An airplane requires 420 m of runway to take off from an airstrip. If the plane starts from rest and it takes 32 s to lift off, with what velocity does it leave the ground? What was the average acceleration of the plane?
d = .5 a t^2
840 = a(1024)
a = .820 m/s^2
v = a t = .820 * 32 = 26.2 m/s
To find the velocity with which the airplane leaves the ground, we can use the formula:
velocity = distance / time.
In this case, the distance is the length of the runway required for takeoff (420 m), and the time is the time taken to lift off (32 s). So, the velocity can be calculated as:
velocity = 420 m / 32 s
Simplifying this equation gives:
velocity = 13.125 m/s
Therefore, the airplane leaves the ground with a velocity of 13.125 m/s.

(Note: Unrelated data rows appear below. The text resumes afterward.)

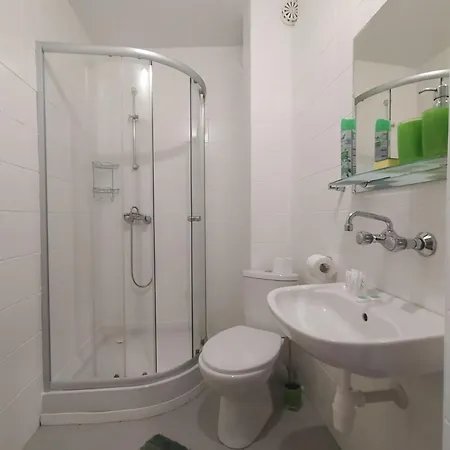 Jar בית אירוח וובה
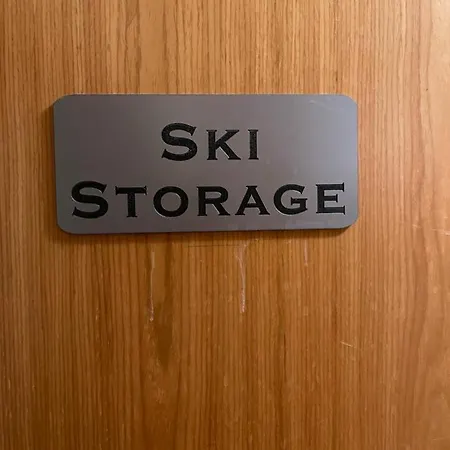 Апартаменти At Predela1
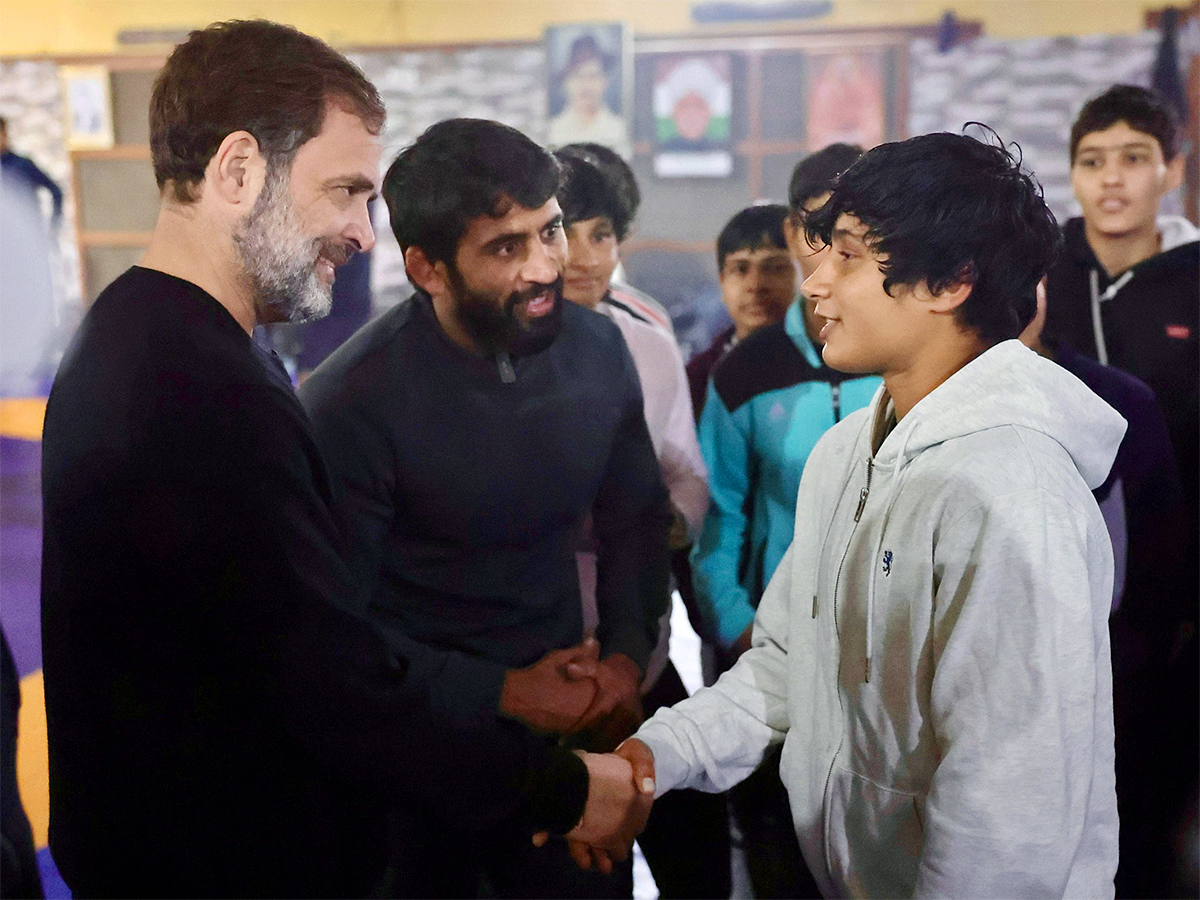 Rahul Gandhi Joined Exercise With Bajrang Punia - Sakshi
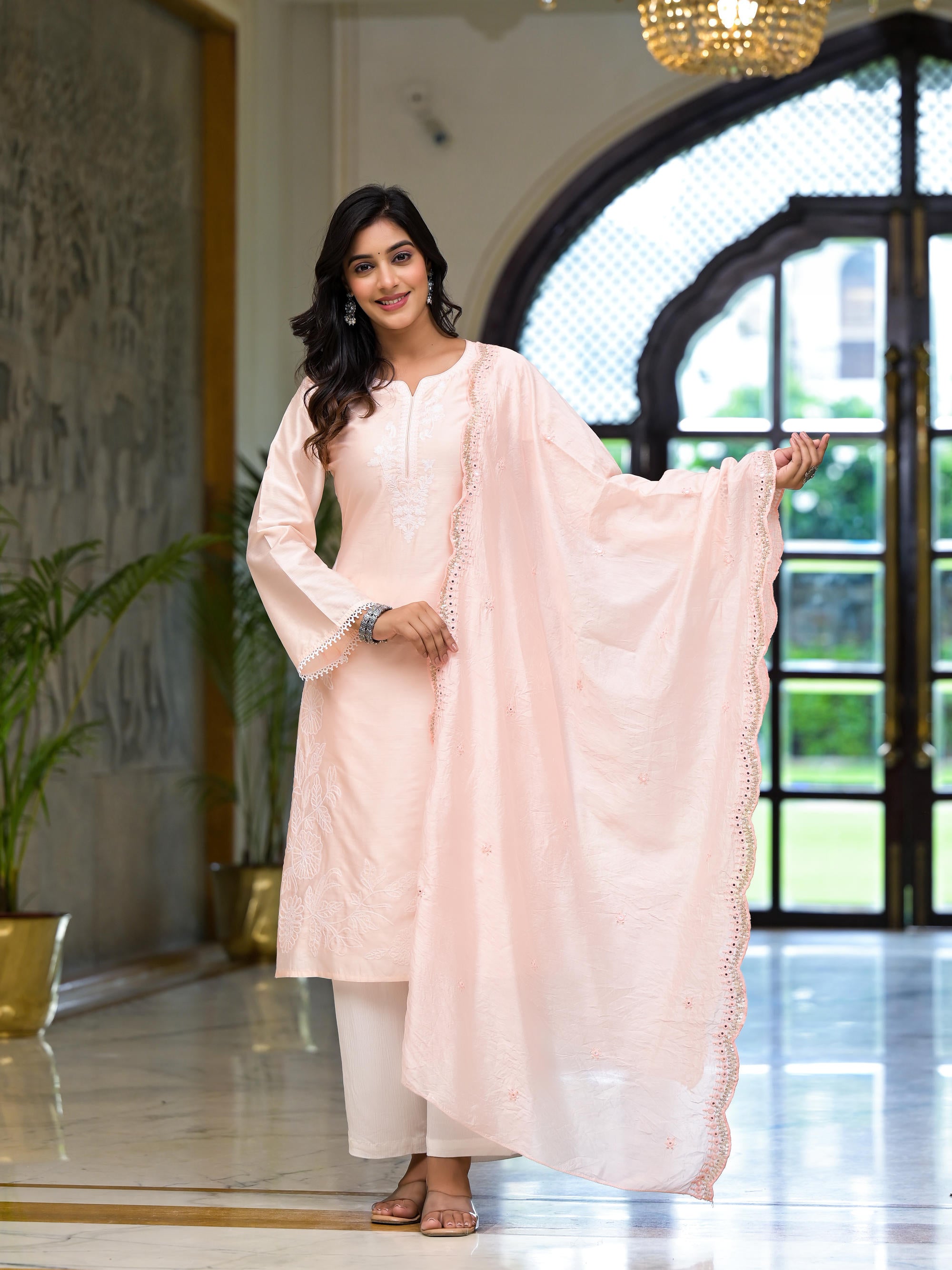 Pink Thread Embroidered Viscose Kurta Set With Thread & Mirror Work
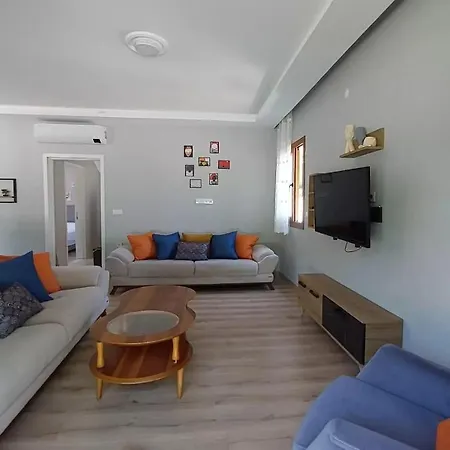 Villa Noyan Villa *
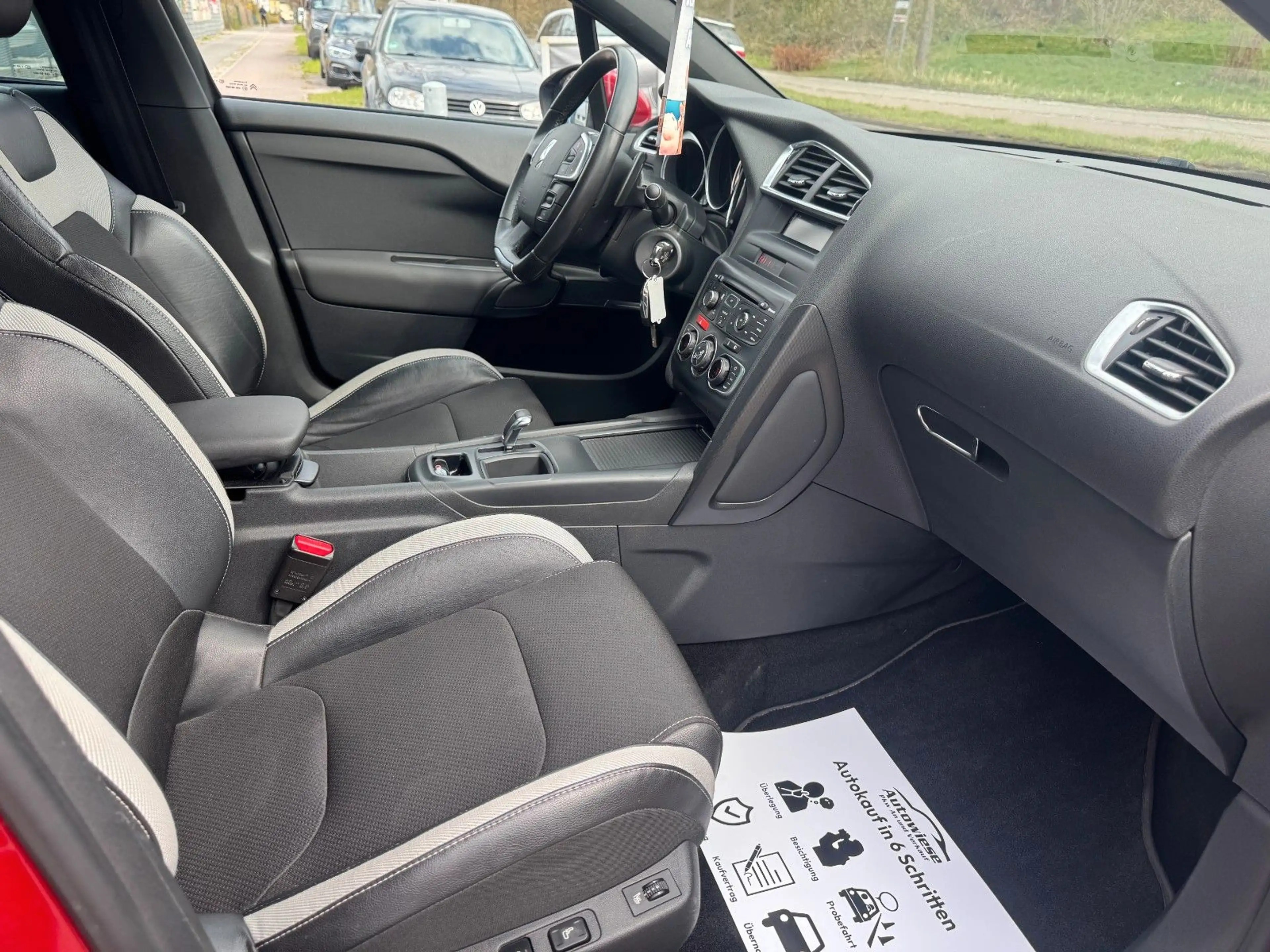 Citroen DS4 SoChic 1.6HDI*Aut.*Klima*Temp.*PDC*Massage* — photo 15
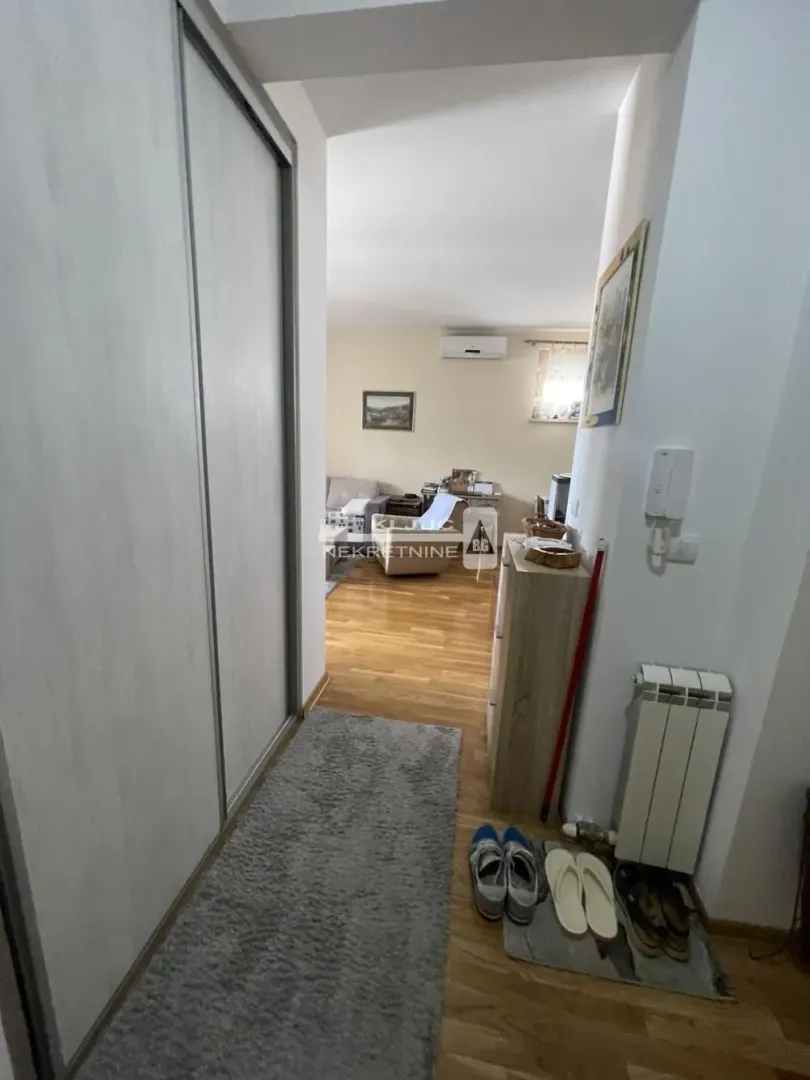 Sale, two bedroom apartment, 64m², Senjak, Beograd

To find the average acceleration of the plane, we can use the formula:
acceleration = change in velocity / time taken.
Since the plane starts from rest, the initial velocity is 0 m/s. So, the change in velocity is the final velocity (calculated above) minus the initial velocity:
change in velocity = final velocity - initial velocity = 13.125 m/s - 0 m/s = 13.125 m/s.
The time taken for takeoff is given as 32 s.
Therefore, the average acceleration can be calculated as:
acceleration = 13.125 m/s / 32 s
Simplifying this equation gives:
acceleration = 0.410 m/s²
Therefore, the average acceleration of the plane is 0.410 m/s².